_EXERCISE BRIEF_.
Print only the lines below from the one with "High quality brand" to the one with "Годинник Garmin Forerunner", both included, exactly as they stand. Leave pictures out.

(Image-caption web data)
BEGIN

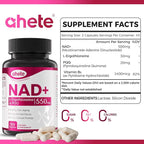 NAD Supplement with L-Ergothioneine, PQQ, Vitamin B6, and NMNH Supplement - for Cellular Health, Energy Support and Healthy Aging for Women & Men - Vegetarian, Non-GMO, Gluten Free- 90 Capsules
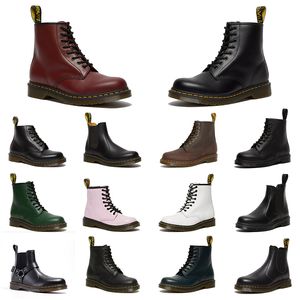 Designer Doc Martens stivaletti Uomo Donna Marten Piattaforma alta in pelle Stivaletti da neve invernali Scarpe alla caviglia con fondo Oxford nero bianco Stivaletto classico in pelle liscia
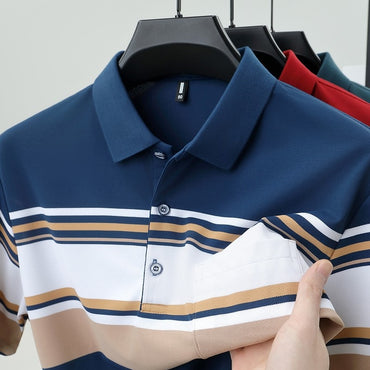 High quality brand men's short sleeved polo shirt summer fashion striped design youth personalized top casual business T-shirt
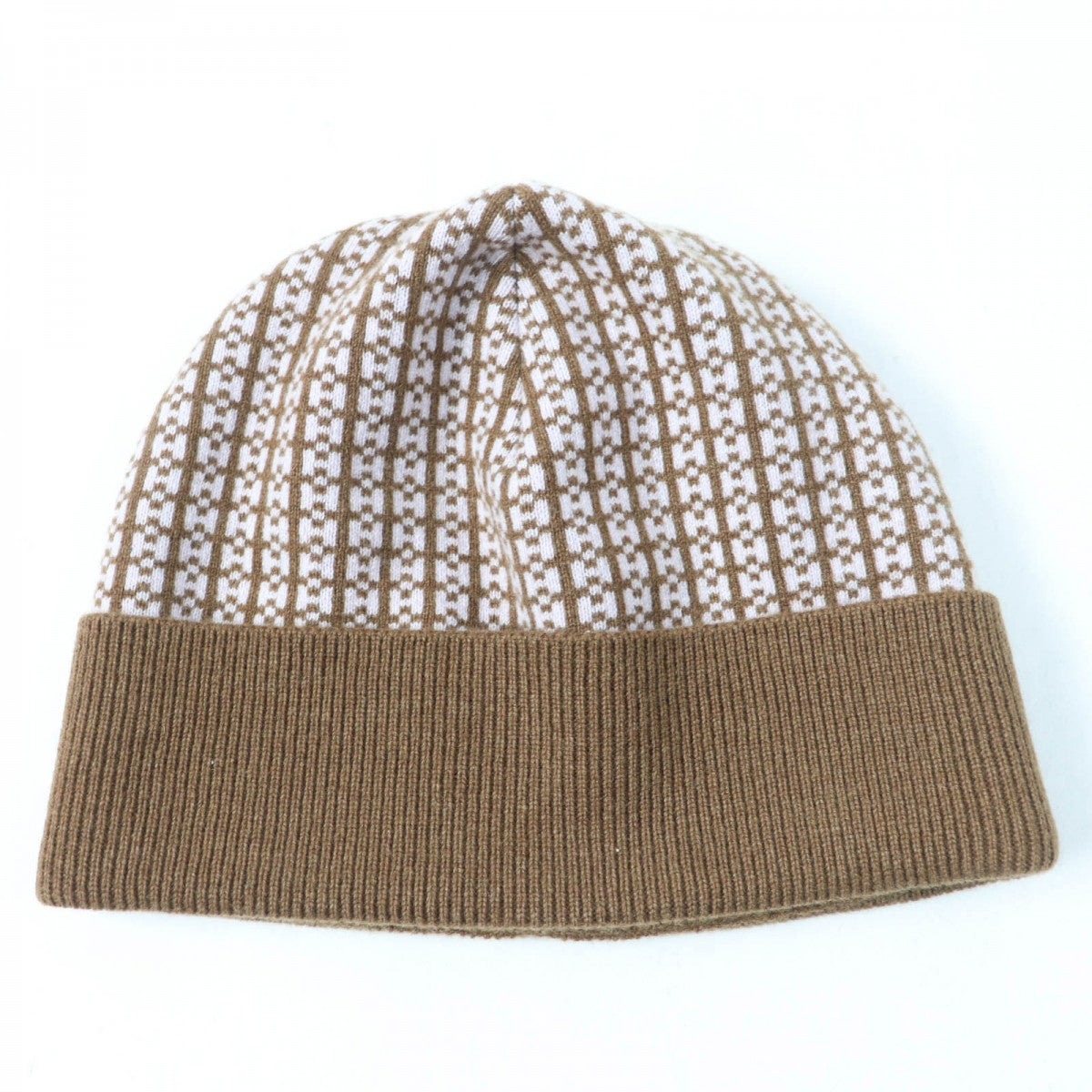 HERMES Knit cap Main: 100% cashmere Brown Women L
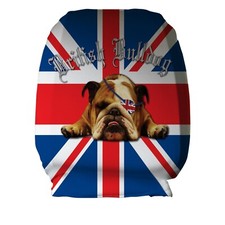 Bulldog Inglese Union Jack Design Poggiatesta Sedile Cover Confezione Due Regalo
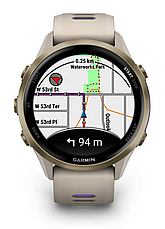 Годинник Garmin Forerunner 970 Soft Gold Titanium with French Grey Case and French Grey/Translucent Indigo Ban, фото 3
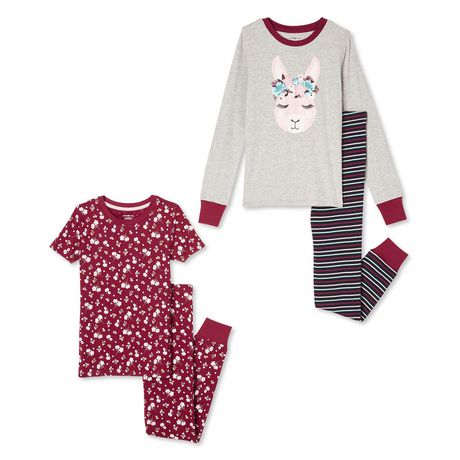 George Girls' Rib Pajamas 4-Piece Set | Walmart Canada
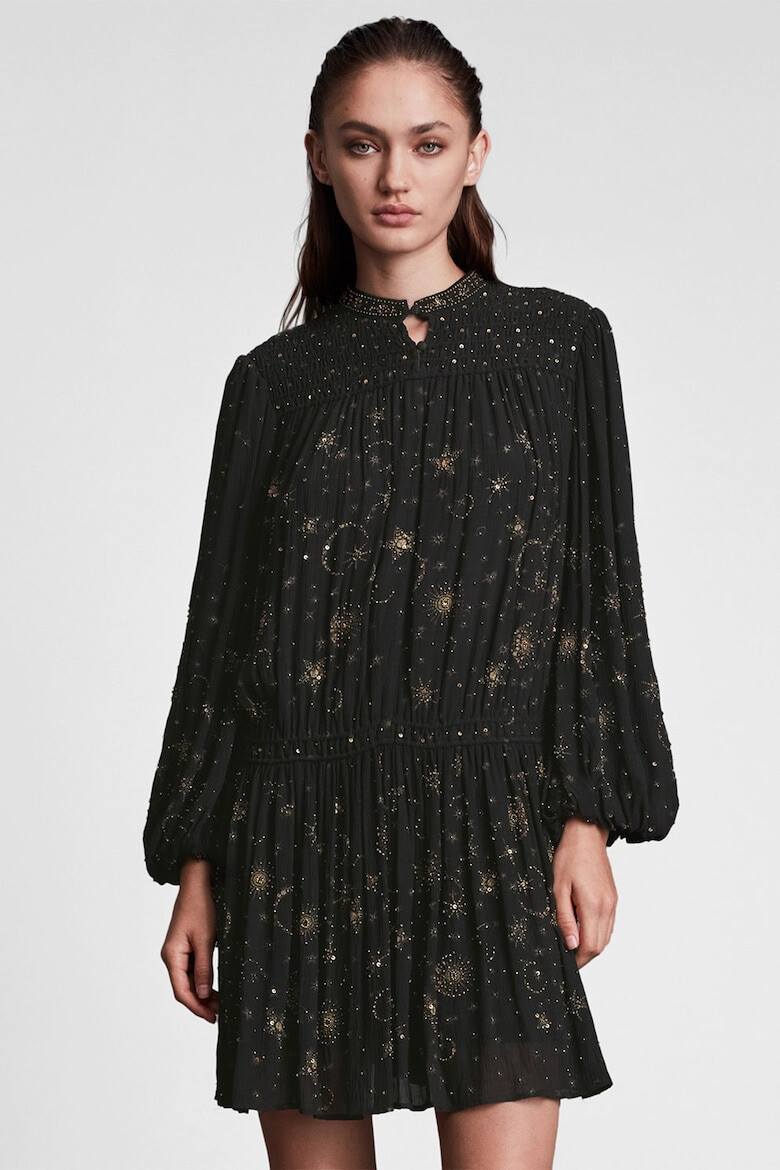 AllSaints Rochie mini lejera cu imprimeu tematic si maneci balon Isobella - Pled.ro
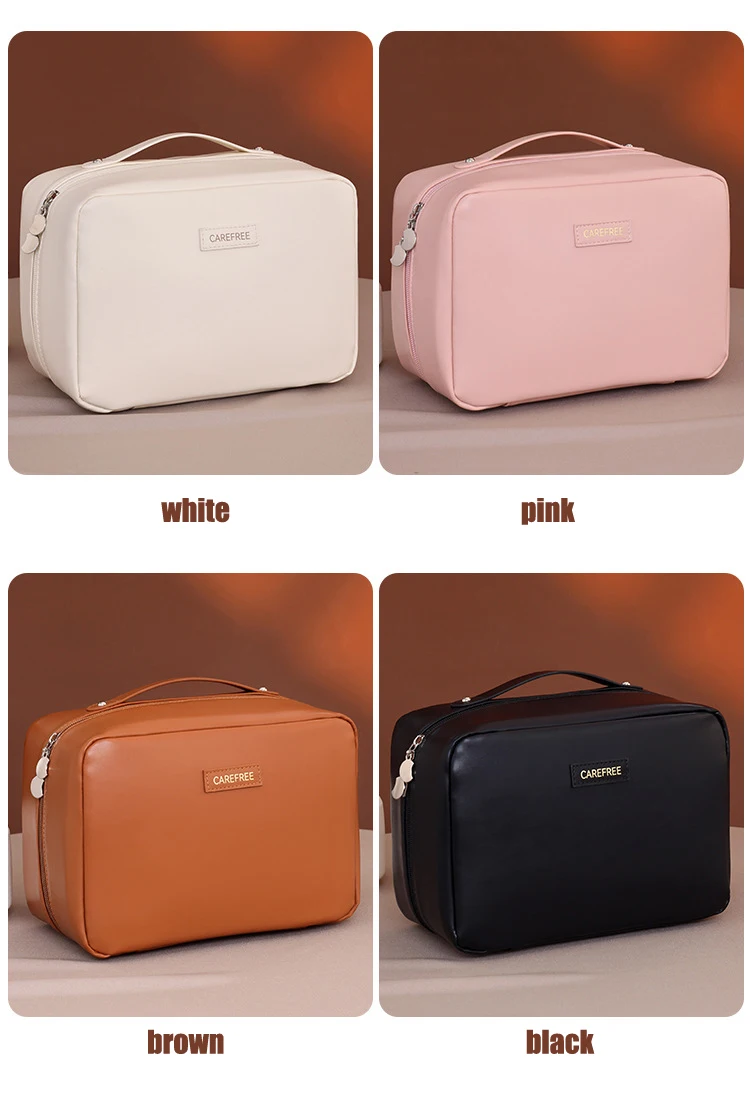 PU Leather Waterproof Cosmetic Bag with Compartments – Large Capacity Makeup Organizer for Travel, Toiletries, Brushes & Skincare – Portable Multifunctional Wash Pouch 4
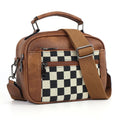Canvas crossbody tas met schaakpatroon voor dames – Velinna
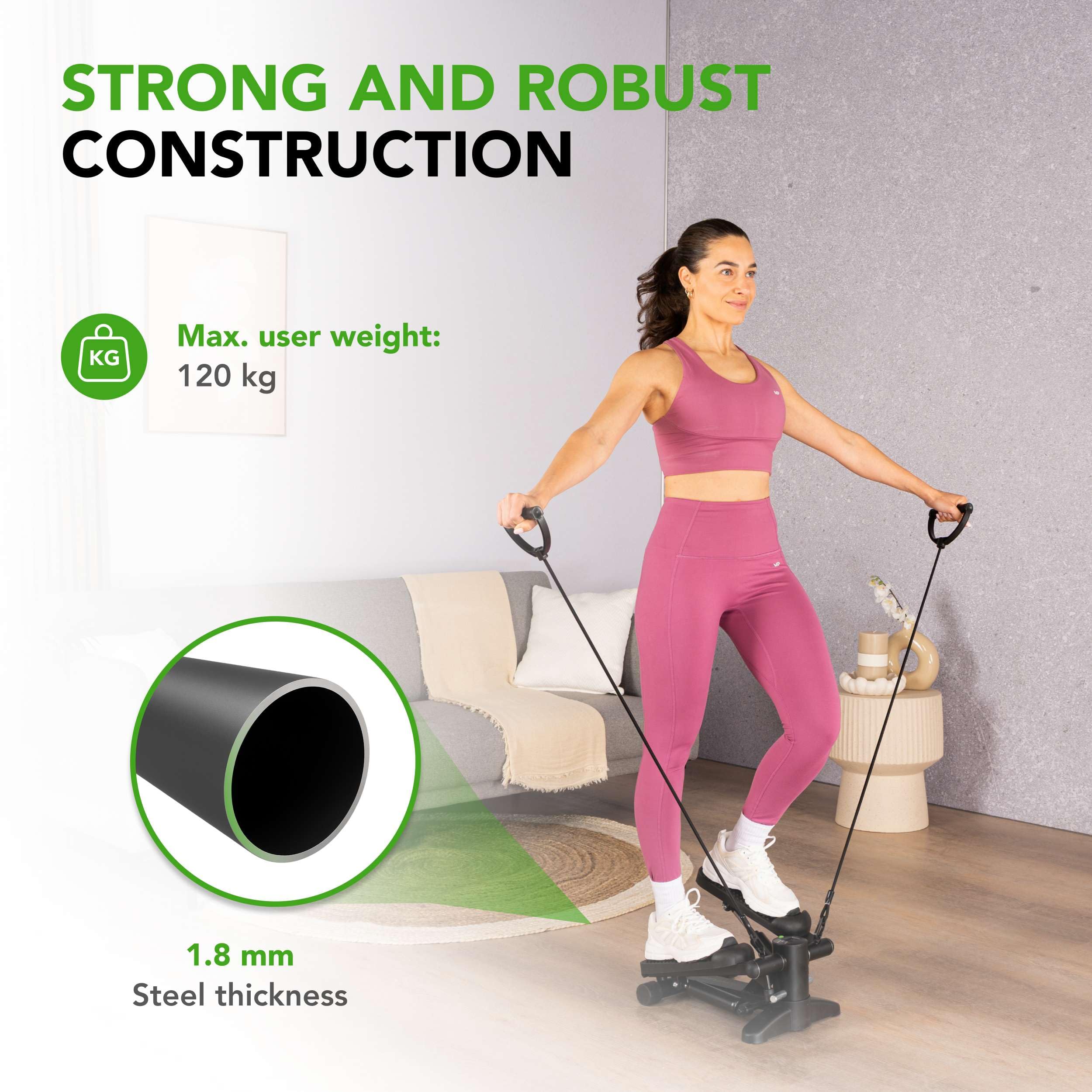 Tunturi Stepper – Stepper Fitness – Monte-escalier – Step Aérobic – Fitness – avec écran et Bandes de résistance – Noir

END

_SOLUTION TO THE PROBLEM_.
 High quality brand men's short sleeved polo shirt summer fashion striped design youth personalized top casual business T-shirt
 HERMES Knit cap Main: 100% cashmere Brown Women L
 Bulldog Inglese Union Jack Design Poggiatesta Sedile Cover Confezione Due Regalo
 Годинник Garmin Forerunner 970 Soft Gold Titanium with French Grey Case and French Grey/Translucent Indigo Ban, фото 3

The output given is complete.